The dark squares were stained with Minwax Red Mahogany and the lighter ones were not stained at all. The frame around the perimeter is redwood (reclaimed) and it is also not stained. Once the glue work was done I hit the thing with five coats of Deft semi-gloss spray lacquer. I used Minwax spray varnish on the earlier board, which explains why in the comparison photo it has the lighter squares being somewhat yellower than with the new board.

The new board is not only thicker than the earlier one, but is also bigger overall, and it weighs considerably more, too.
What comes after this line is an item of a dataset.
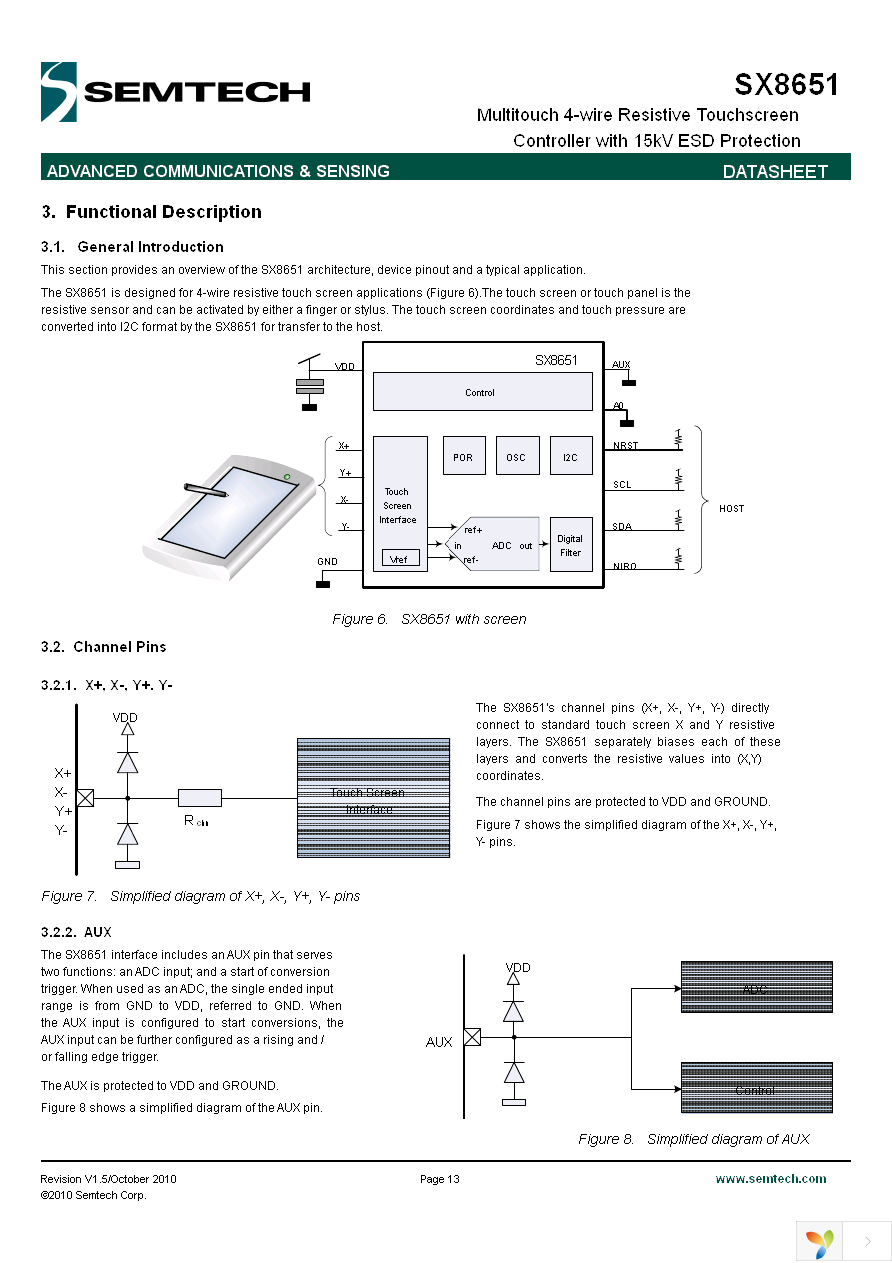 SX8651ICSTRT Page 13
I did not make the chess pieces in the comparison photo, but I did purchase ready-made jobs constructed of pine and I drilled into the bottoms (basically hollowing them out), and installed lead fishing sinkers held in place by two-part epoxy. That gave them some serious heft.

Howard Ferstler


----------



## wood shavings (Mar 20, 2009)

glue up of the board, did you have any issue with the glue, seeing it has all the diff. height in each row Really like the contrast that you get with the boards


Jerry


----------



## rayking49 (Nov 6, 2011)

That is very unique. I like it.


----------



## MidKnight (Aug 6, 2012)

I love this. 

Is this a commission for somebody else, or for you?


----------



## Chaincarver Steve (Jul 30, 2011)

Very interesting. I like it.


----------



## sanchez (Feb 18, 2010)

That's really cool. I like how you turned the grain 90 between the light and dark squares.


----------



## Al B Thayer (Dec 10, 2011)

Come on. Be honest. You ran out of sand paper.
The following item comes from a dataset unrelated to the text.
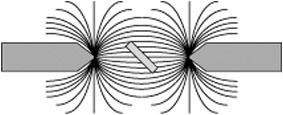 Dia-, para- and ferromagnetic materials in an inhomogeneous magnetic field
Nice job and finish. I like Deft too. 

Al

Friends don't let friends use stamped metal tools sold at clothing stores.


----------



## Howard Ferstler (Sep 27, 2007)

Jerry. One thing I like about the PL construction adhesive is that for a decent bond solid clamping is not required. Clamping would be in order if the pieces were going to be under strain, but given the way they are used simply pushing them down hard after coating the bottoms lightly with the adhesive will do the trick. To keep them separated while I push, I use spacers between them as I go along. 

I have attached a photo of how the tabs were used with the earlier board. (The two far edges initially had boards clamped in place to keep the pieces aligned along those edges; after the pieces were in place I could remove the boards and clamps.) Once the glue dried, I pulled the tabs and used the table saw to cut the two other edges of the mounting board just close enough to give me the same spacing along the edge as I got with the tabs between pieces.
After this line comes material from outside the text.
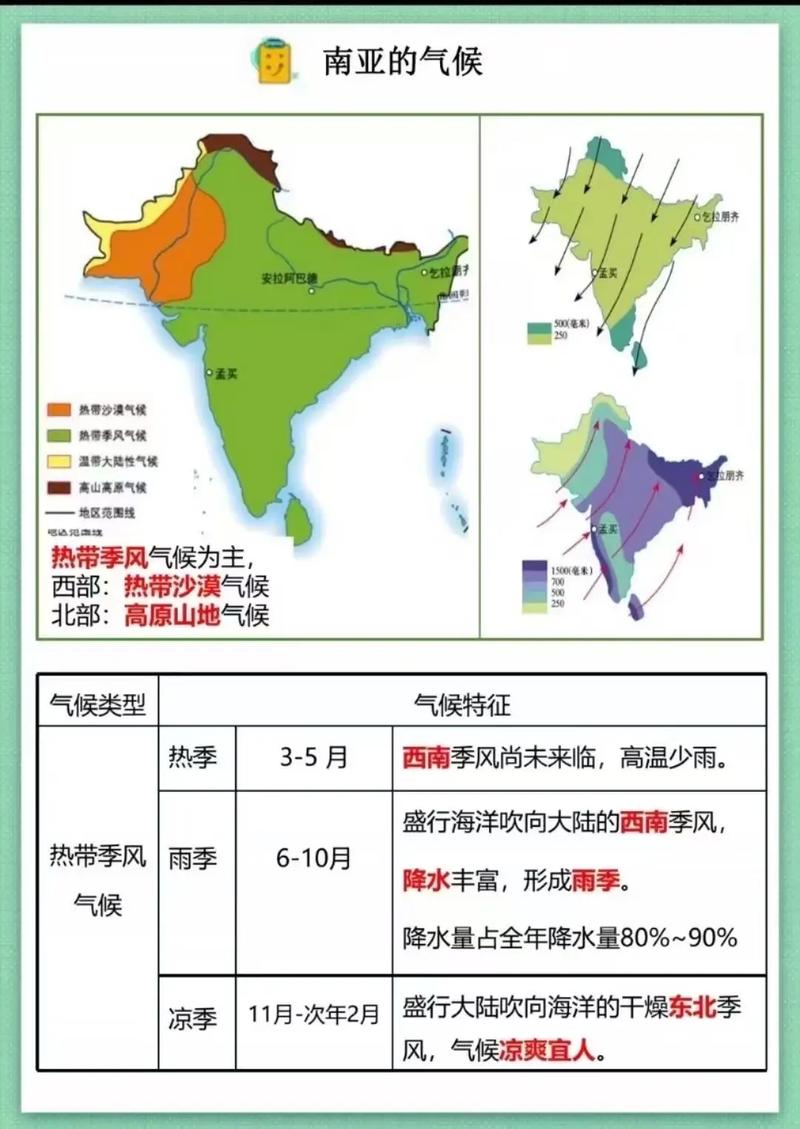 南亚夏季风气候变化是否非chang剧烈？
I made a point of having the visible edges of the darker pieces be side grain, because the end grain edges were too dark. The lighter pieces were unstained, and I made a point of picking the ones that had minimal dark/light grain lines on their end-grain edges so as to not make those edges look odd. The lacquer did not cause the end-grain edges to darken appreciably more than all the other surfaces.

MidKnight. I have only made items on demand in a few situations. This board will either go to the consignment store I normally use or go to an art gallery that will hopefully take it on for display along with my collage wall art. Most galleries do not handle JUST pieces like this, but if an artist has wall art in quantity they might take on table items, too. The local galleries here feature art pieces for sale at MUCH higher prices than my consignment outlet.

Sanchez. Yes, no matter how the pieces are colored or not colored, it is aesthetically best to have them at 90-degree positioning. If all the pieces are the same height this is no big deal. However, if a stair-step design is used the end grain of the pieces showing that grain has to be carefully selected to minimize weird-looking edges. I have to confess that during my assembly I chose one light piece that had a funny edge (I should have spotted it), with dark/light alternations, and it shows. No big deal, but it is the only flaw that bothers me.

Al. OK, you found me out.

Howard


----------



## Chaincarver Steve (Jul 30, 2011)

That picture with the spacers looks really cool :thumbsup:


----------



## MapleMoose (Sep 25, 2012)

Chaincarver Steve said:


> That picture with the spacers looks really cool :thumbsup:


Looks almost like a chessboard cemetery. :laughing:


----------



## MagGeorge (Jul 5, 2012)

That's cool and unique. Like the choice of woods and the orientation of the grains, very well planned. Great work!


----------



## Ostie (Dec 19, 2010)

Very nice. I wouldn't mind having one of those myself...hint, hint.


----------